Apple iTunes Library Manipulation with Python
At home my family uses Apple iTunes and Safari for the majority of our media playing on our TV. This simple setup runs on a 2010 Mac Mini that I purchased prior to us moving to Prague. It has worked very well as a bare-bones media server that the children know how to use without too much support from me. Recently, I decided to try and consolidate onto one mirrored 4TB drive the media that was on two separate drives (one internal, one external).
To perform the consolidation, I used rsync to copy from the two source drives to the new big drive. Though normally used to manage file collections among two or more separate machines, it offers a great collection of features for copying locally on the same machine. For instance, the macOS version contains the smarts to also sync any metadata and extended file system attributes associated with the media files. Two rsync
commands left me with a new disc with all of the media intact and no errors.
Next, I started up iTunes while holding down the option
key in order to bring up a prompt that allowed me to create a new library.
I then changed some advanced iTunes settings in order to use the new media disc drive and to let iTunes manage its contents. I also enabled the Share iTunes Library XML with other application
setting so that I could perform some library manipulation described next.
Migrating Metadata
Since I created a new library above, I no longer had any metadata associated with media content such as play counts or ratings as these are held inside a specific iTunes library file. The next step was to copy over the metadata from the old iTunes library file. The Share iTunes Library XML with other application
options mentioned above asks iTunes to generate and update an XML representation of the library. However changes made to this file will not appear in iTunes. Instead, one must rely on AppleScript functionality to make any updates to entity metadata (see below).

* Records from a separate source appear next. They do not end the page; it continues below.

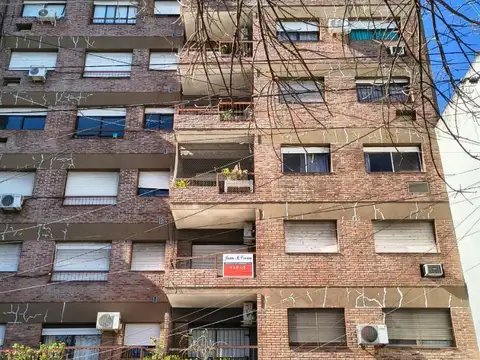 Buenos Aires 550 , Piso 2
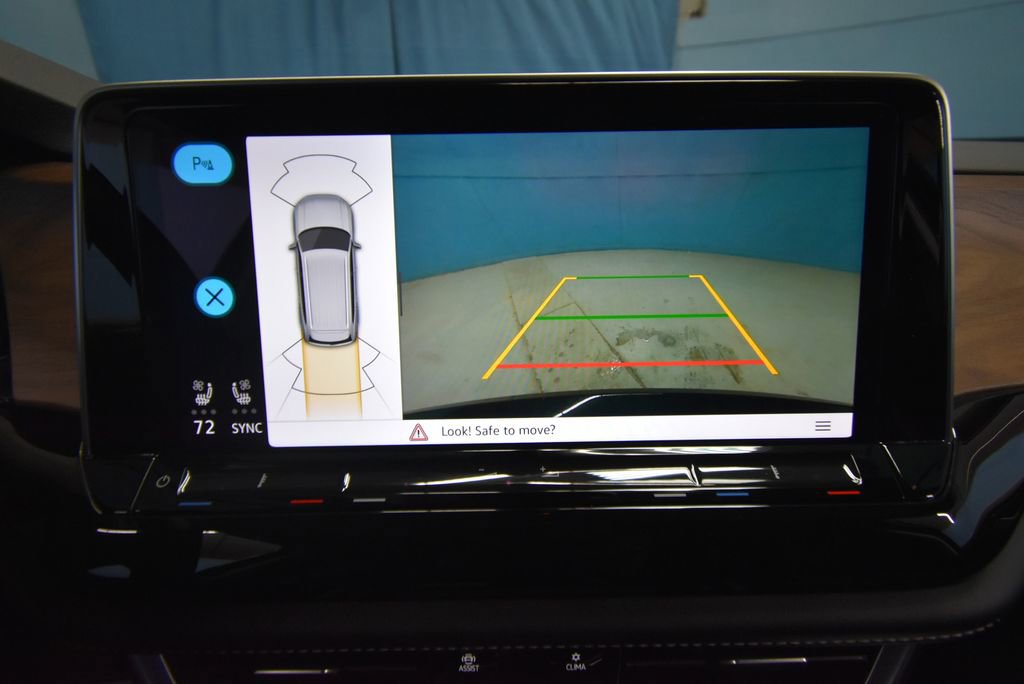 Used 2024 Volkswagen Atlas SE w/ Black Wheel Package image 16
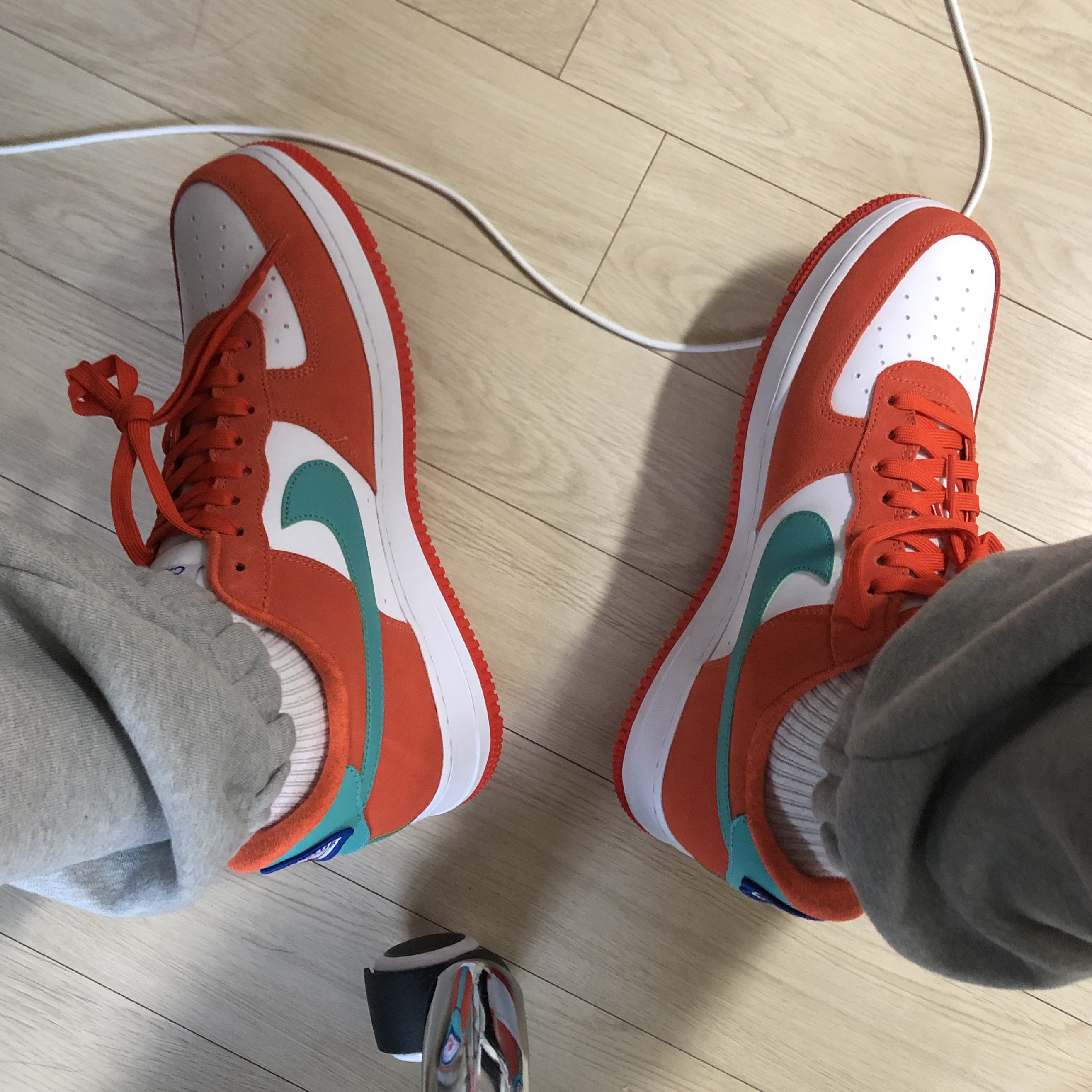 Nike Air Force 1 '07 LV8 Athletic Club Rush Orange Washed Teal 착용 스타일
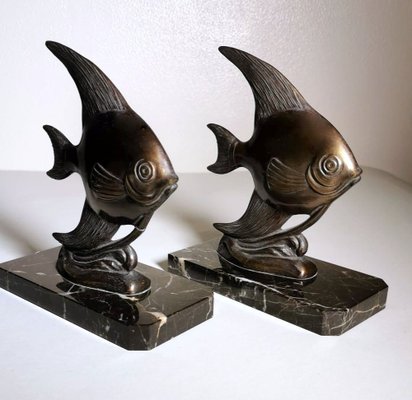 Art Deco French Spelter Fish Bookends on Marquinia Marble Bases, 1930s, Set  of 2 for sale at Pamono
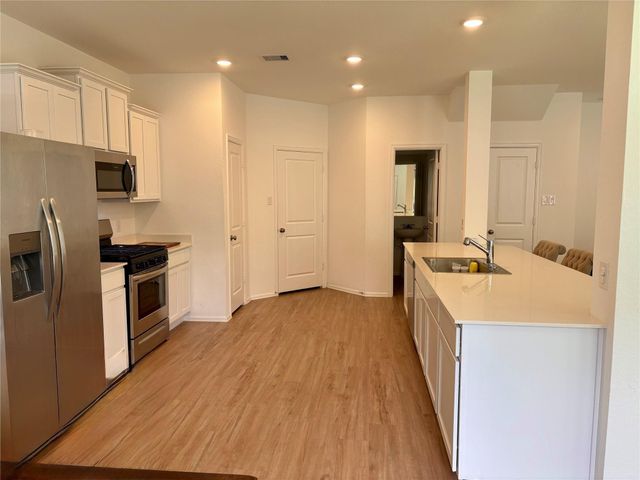 2031 Iris Hills Lane, Crosby, TX 77532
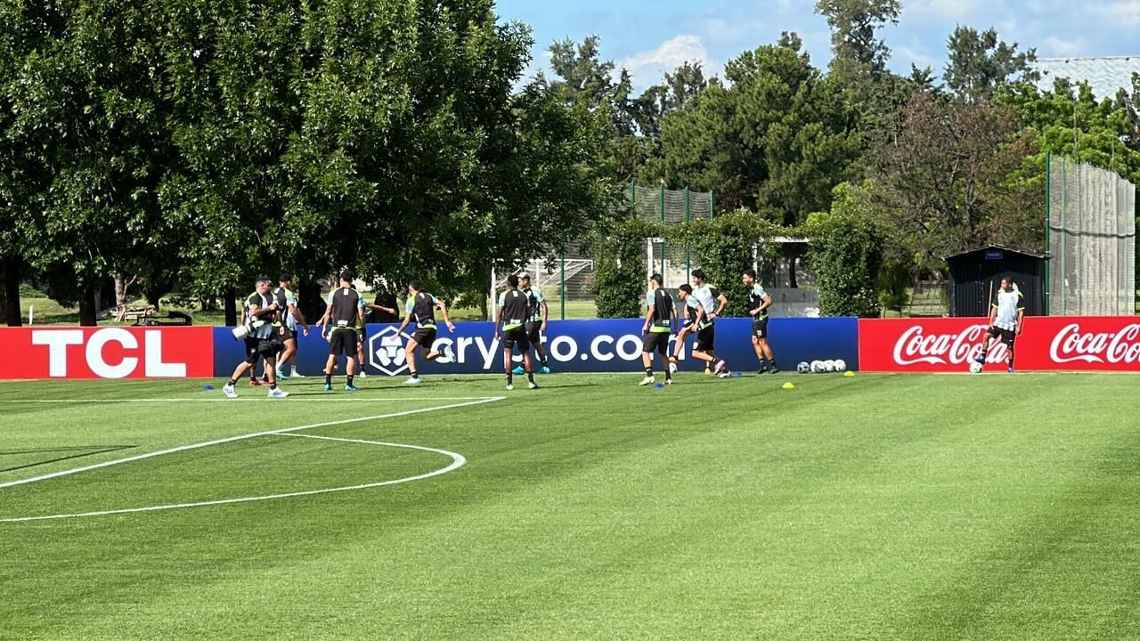 Primeiro treino do Botafogo na Argentina tem titulares no regenerativo e Bastos fazendo tratamento intensivo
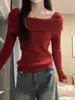 Suéter de Tricô Vermelho de Um Ombro para Mulheres, Novo Design Outono/Inverno 2025, Corte Justo, Suéter Base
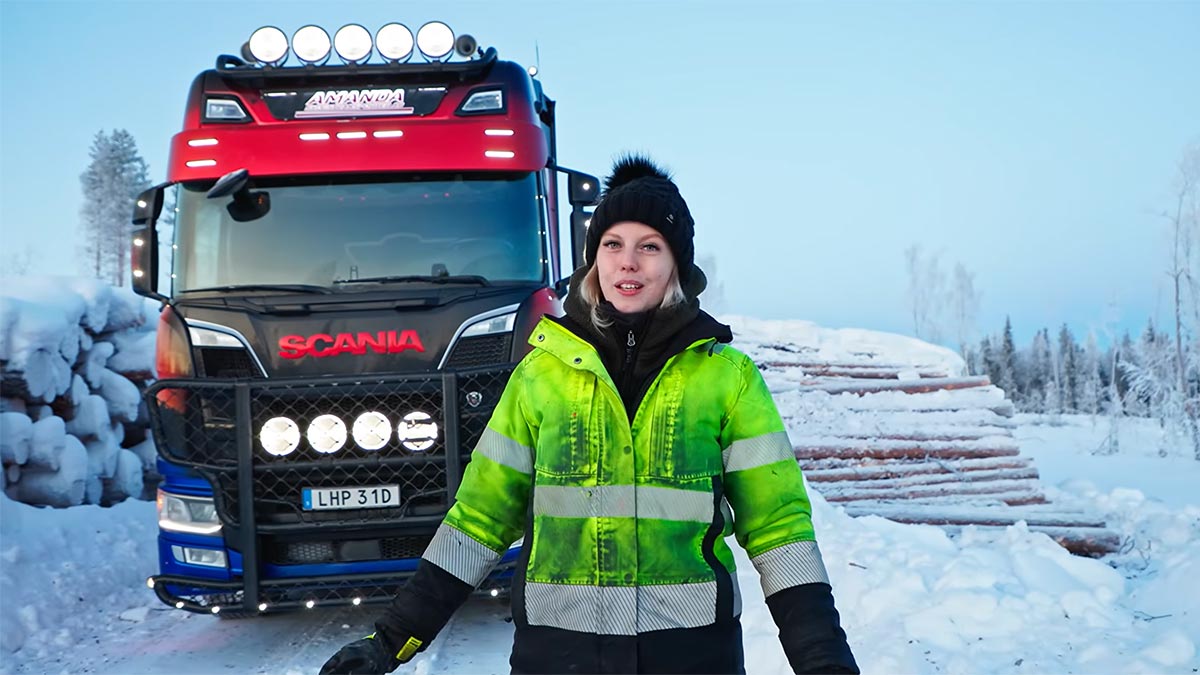 (VIDEO) O şoferiţă de camion din Suedia a arătat cum se munceşte la -35 grade Celsius cu un camion Scania V8 diesel | PiataAuto.md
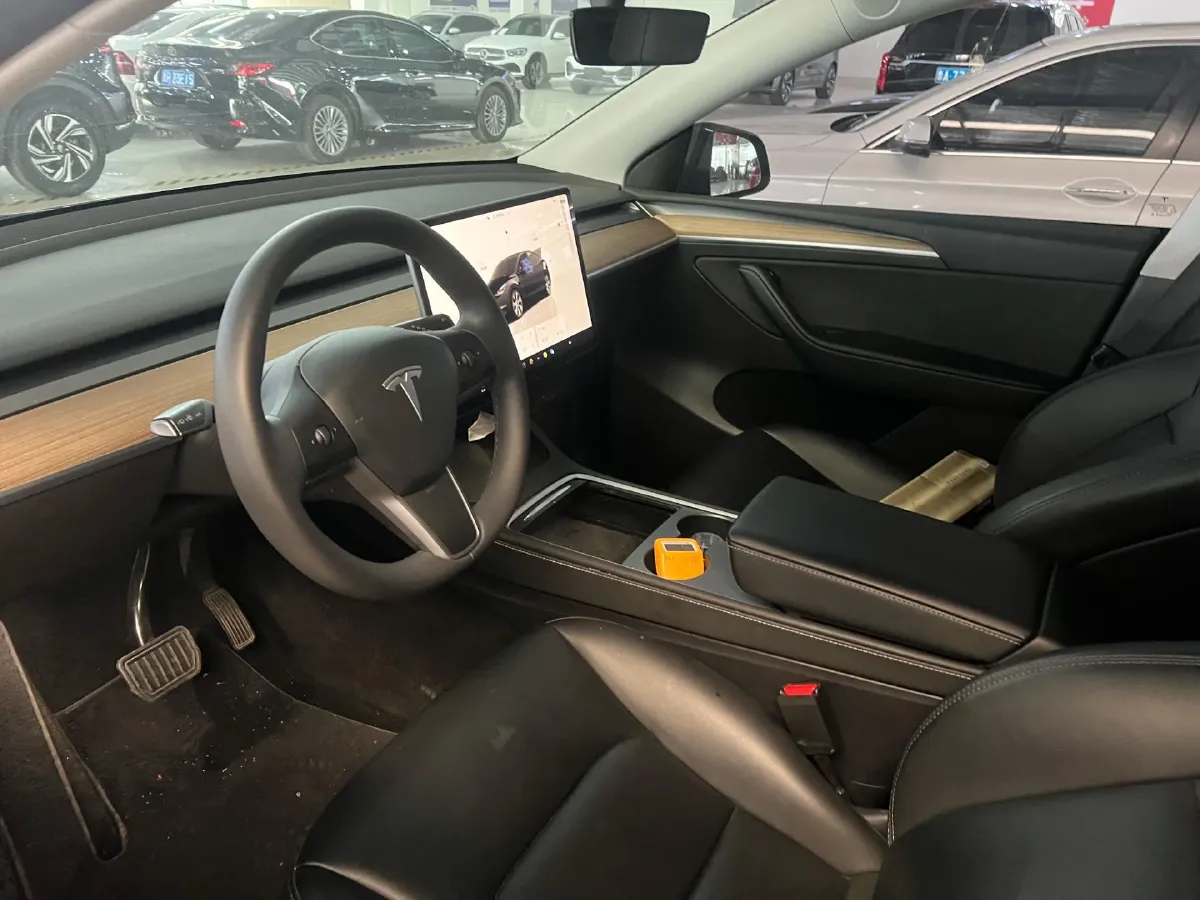 2022 Tesla Model Y BEV 60KWH,autocango,china used car exporter,china ev exporter,chinese used car exporter,chinese used ev exporter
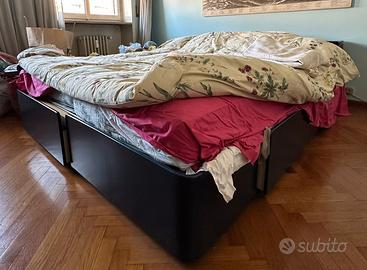 Letto contenitore matrimoniale design laccata blu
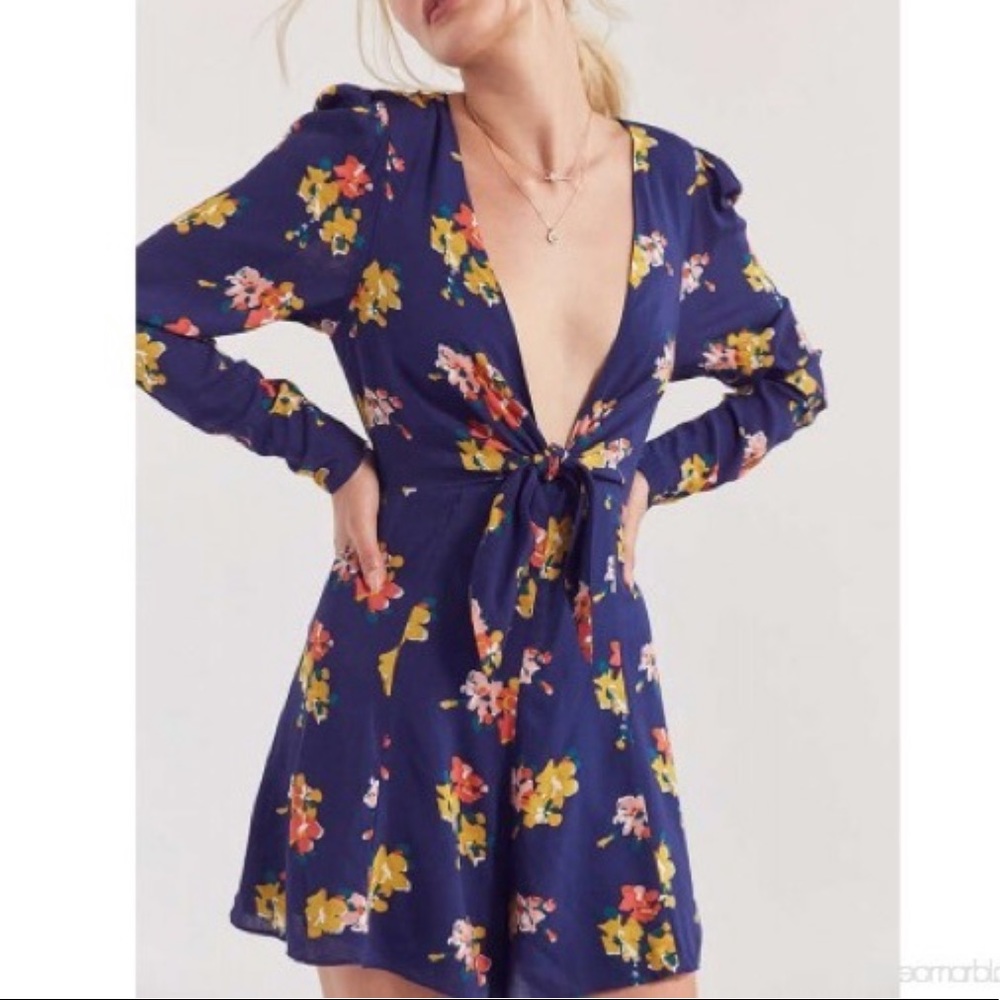 NWT Urban Outfitters Kimchi Blue Maddie Plungin Romper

Python has a built-in library for reading in Apple XML files – plistlib. Although it seems to apply to just plist
files (those with a suffix of .plist
), it properly handles the .xml
file that iTunes creates from its library contents. Using plistlib
I was able to create a short script that migrated certain metadata values from the old library to the new one.
def merge(srcPath, dstPath):
print('-- loading', srcPath)
srcRoot = plistlib.readPlist(srcPath)
srcMap = makeSrcMap(srcRoot)
print('-- found', len(srcMap), 'tracks with metadata')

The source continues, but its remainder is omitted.